Gleichzeitig gibt es eine lautstarke Kakophonie von Stimmen, die jetzt vor allem fordern, dass sie irgendetwas zurück bekommen, was sie “vor Corona” gewohnt waren: Unternehmen wollen wieder Kunden, die kaufen; Gaststätten wollen wieder Gäste, die essen und trinken; Theater, Clubs, Künstler*innen und Konzertveranstalter wollen wieder Besucher, die klatschen; Familien wollen wieder Schulen und Kitas, die Kinder unterrichten und betreuen[5]; Menschen, die aus gesundheitlichen Gründen Angst um sich oder um die haben, die ihnen nahe stehen, wollen wieder unbeschwert anderen nahe sein können. Alle diese Wünsche sind nachvollziehbar und haben innerhalb des jeweiligen Universums der Wünschenden mit Sicherheit ihre Berechtigung.
Allerdings: Was wäre, wenn es ein Fehler wäre, jetzt einfach nur zu wünschen, dass alles wieder wäre, wie es war? Oder – was auch nur eine etwas raffiniertere Variation auf dasselbe Thema ist – zu erwarten, dass sich jetzt demnächst ein “New Normal” einstellt, in dem man sich dann wieder einrichten kann, wie man im “Old Normal” eingerichet war? Was wäre, wenn wir diesen Augenblick nutzten, in dem alles nicht mehr ist, wie es war, um ernsthaft darüber nachzudenken, was sein sollte? Was wäre, wenn wir uns jetzt fragten, in welcher Gesellschaft wir leben wollen? Was wäre, wenn wir uns jetzt fragten: Was ist Zukunft?
Incipe!
Zukunft ist die bewusste Entscheidung von Menschen, sich in ihrem Handeln nicht von vermeintlichen Zwängen aus Vergangenheit und Gegenwart leiten zu lassen[6]. Bewusst ist diese Entscheidung, wenn sie nicht durch Umstände erzwungen oder gewissermaßen aus Versehen getroffen, sondern auf Basis nachvollziehbarer rationaler und emotionaler Argumente im Austausch mit anderen entwickelt und in Übereinstimmung mit ihnen gefällt wird.
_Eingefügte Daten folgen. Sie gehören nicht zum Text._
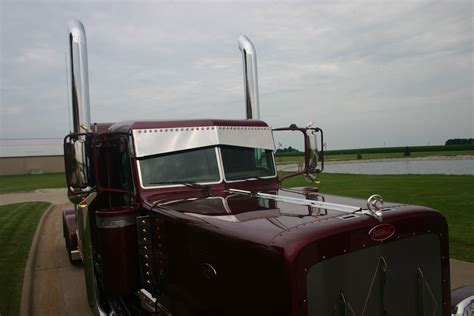 semi truck exhaust stacks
Vermeintlich sind die Zwänge der Vergangenheit und der Gegenwart, wenn die aus ihnen resultierenden Beschränkungen nicht auf Naturgesetzen oder reiner Logik beruhen, sondern auf Gewohnheit, Arroganz oder Ignoranz. Tatsächlich sind Faulheit, Selbstverliebtheit und Feigheit vermutlich nach wie vor die wichtigsten Gründe dafür, dass viele von uns zeitlebens davor zurückschrecken, Zukunft zu gestalten. Und: Es ist tatsächlich schwer für uns, uns aus den Zwängen der Vergangenheit und der Gegenwart herauszuarbeiten, die uns schließlich beinahe zur Natur geworden sind und die wir lieb gewonnen haben.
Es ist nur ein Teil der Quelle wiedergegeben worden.